=== Begin Enclosure ===
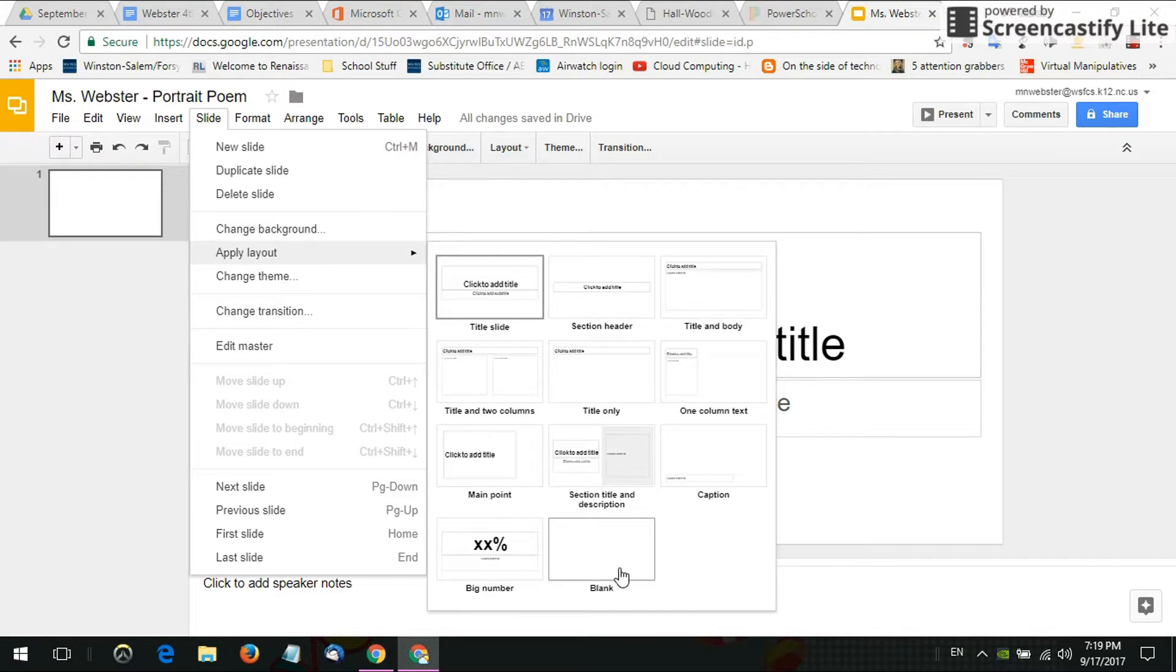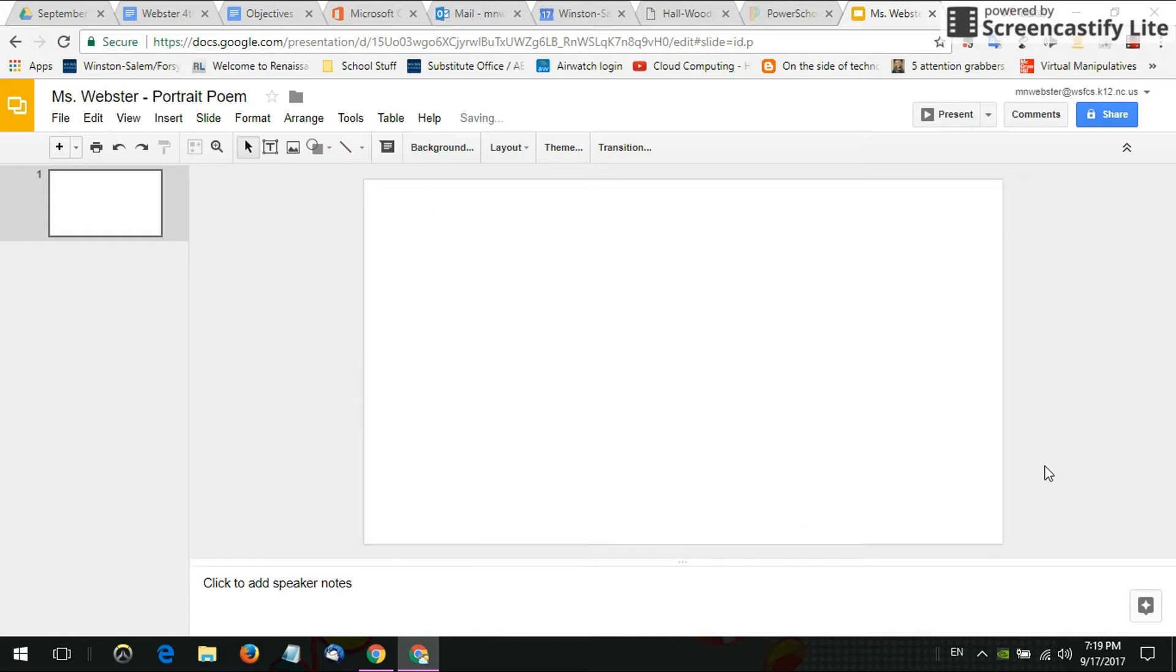Like I said for this project we need a completely blank slide so you will click Blank, your slide is blank and that's all there is to it.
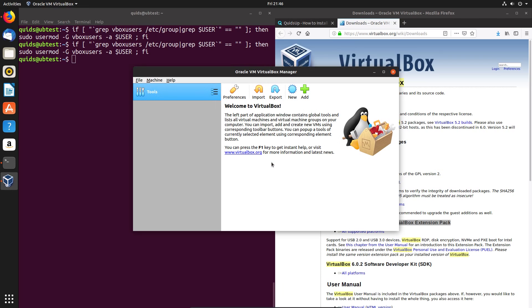And that's it. So that is how to install the latest version of VirtualBox in Ubuntu and Debian. Thanks for watching, and I'll see you all later.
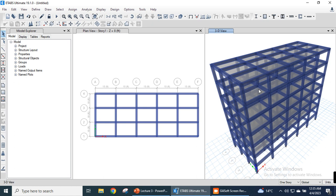In our next module, we will start from here and that will be about analyzing the simple multi-story building. Thank you.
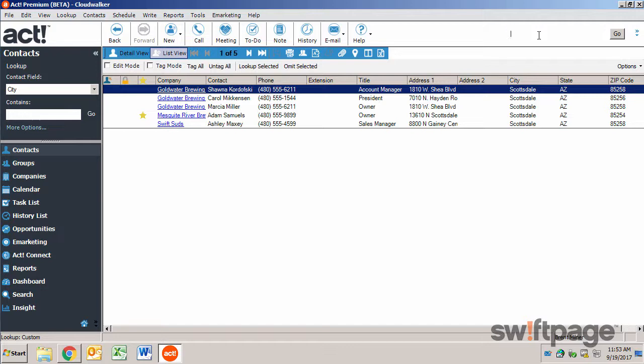You can search for a keyword, number, text, string, or even wildcards using this search. Let's say that I had a lunch meeting with somebody and I can't remember who it was with.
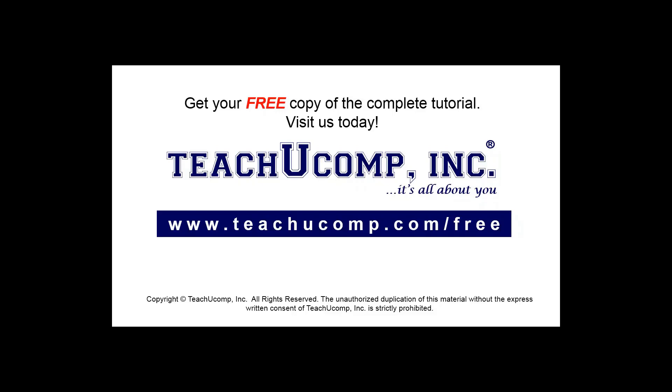Get your free copy of the complete tutorial at www.teachucomp.com forward slash free.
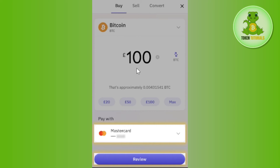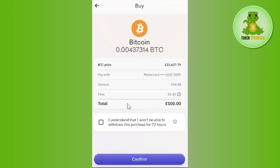In the pop-up, make sure that USDT is selected at the top instead of Bitcoin. Afterwards, enter the amount that you want to spend in order to purchase USDT. Then you will have to select the payment method. You will be shown a bunch of different payment methods such as credit card, debit card, Apple Pay, etc.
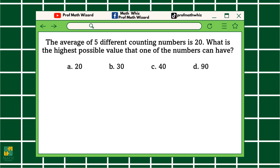The average of five different counting numbers is 20. What is the highest possible value that one of the numbers can have? A, 20. B, 30. C, 40. D, 90.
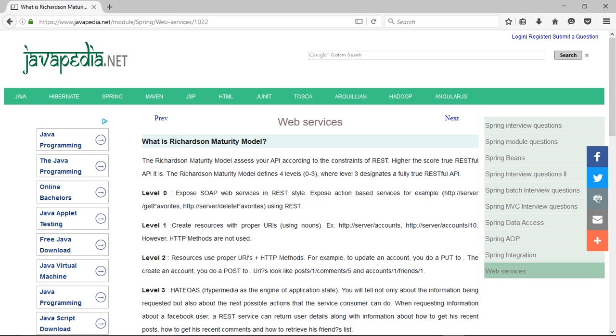The Richardson Maturity Model defines four levels, 0 to 3, where level 3 designates a fully true RESTful API.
=== End Enclosure ===
• _Exercise_:
Could you copy the lines above exactly and skip the images?

• _Answer box_:
Like I said for this project we need a completely blank slide so you will click Blank, your slide is blank and that's all there is to it.
And that's it. So that is how to install the latest version of VirtualBox in Ubuntu and Debian. Thanks for watching, and I'll see you all later.
In our next module, we will start from here and that will be about analyzing the simple multi-story building. Thank you.
You can search for a keyword, number, text, string, or even wildcards using this search. Let's say that I had a lunch meeting with somebody and I can't remember who it was with.
Get your free copy of the complete tutorial at www.teachucomp.com forward slash free.
In the pop-up, make sure that USDT is selected at the top instead of Bitcoin. Afterwards, enter the amount that you want to spend in order to purchase USDT. Then you will have to select the payment method. You will be shown a bunch of different payment methods such as credit card, debit card, Apple Pay, etc.
The average of five different counting numbers is 20. What is the highest possible value that one of the numbers can have? A, 20. B, 30. C, 40. D, 90.
The Richardson Maturity Model defines four levels, 0 to 3, where level 3 designates a fully true RESTful API.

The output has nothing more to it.